Symbols of the Holy Spirit 7:
Wine
And do not get drunk with wine, for that is debauchery, but be filled with the Spirit, addressing one another in psalms and hymns and spiritual songs, singing and making melody to the Lord with your heart, Ephesians 5:18–19
And at this sound the multitude came together, and they were bewildered, because each one was hearing them speak in his own language. And they were amazed and astonished, saying, “Are not all these who are speaking Galileans? And how is it that we hear, each of us in his own native language? … But others mocking said, “They are filled with new wine.” Acts 2:6-8, 13
And no one puts new wine into old wineskins. If he does, the wine will burst the skins—and the wine is destroyed, and so are the skins. But new wine is for fresh wineskins. Mark 2:22
The Holy Spirit makes us Joyful
Wine gets a bit of a mixed review in the Bible. On the one hand, the intoxicating effects are frowned on, but on the other wine gladdens the heart and Paul recommends that Timothy takes some wine for his stomach. Wine is neither good nor bad, it is bad in excess but also has positive uses.

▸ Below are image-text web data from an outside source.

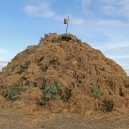 2011_biike_01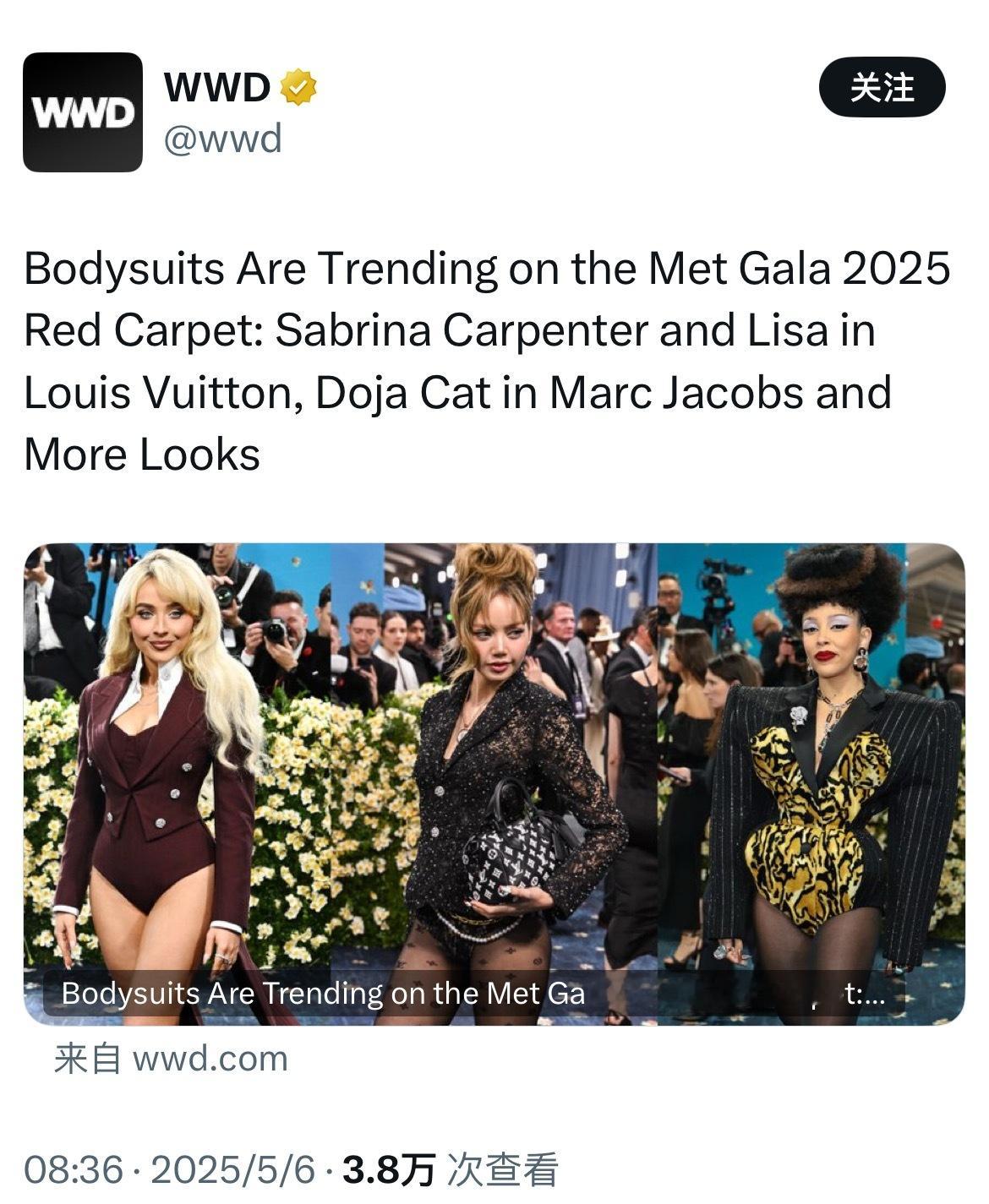 逮着Lisa一个人骂，还以为MetGala就Lisa一个人穿卡比装呢[笑cry]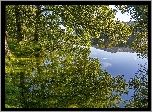 Jezioro, Drzewa, Odbicie, Łódki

Wine symbolises the Holy Spirit because being full of the Holy Spirit is being full of joy. The Disciples were full of the Spirit when the Spirit fell in them at Pentecost and were so full of joy, so exuberant, that they were accused of being drunk. The signs of being drunk are similar, being drunk and being filled with the Holy Spirit, without the excessive indulgence that too much alcohol can lead to.
New wine makes old wineskins burst
To make wine you crush grapes, releasing the juice, and then that juice is fermented, during fermentation, gasses are released. In Jesus’ day, the wine was fermented in leather skins, new skins could expand and take the pressure, old wineskins were brittle and would split. No one would put new wine into old wineskins.
That is what Jesus said about the Holy Spirit, it is like new wine. It will not fit into the old structure of rigid obedience to God’s laws and sacrifices. God’s law is good because God is good and it is his law, but the Spirit goes beyond this, the Spirit needs more space. Hosea, in the Old Testament, knew this. God said this through Hosea to the people of Judah: ‘I don’t want your sacrifices—I want your love; I don’t want your offerings—I want you to know me.’
God loves us and wants our love, God knows us and wants us to know him. Loving and knowing God goes beyond the sacrificial law. The Holy Spirit breaks through that which is in us that would be strict and legalistic, enabling us to know and love God and to go out into the world in love.
Are you going to allow the Holy Spirit to help you to love God fully? Ask her to fill you today. Warning, you may be so joyful that you appear drunk.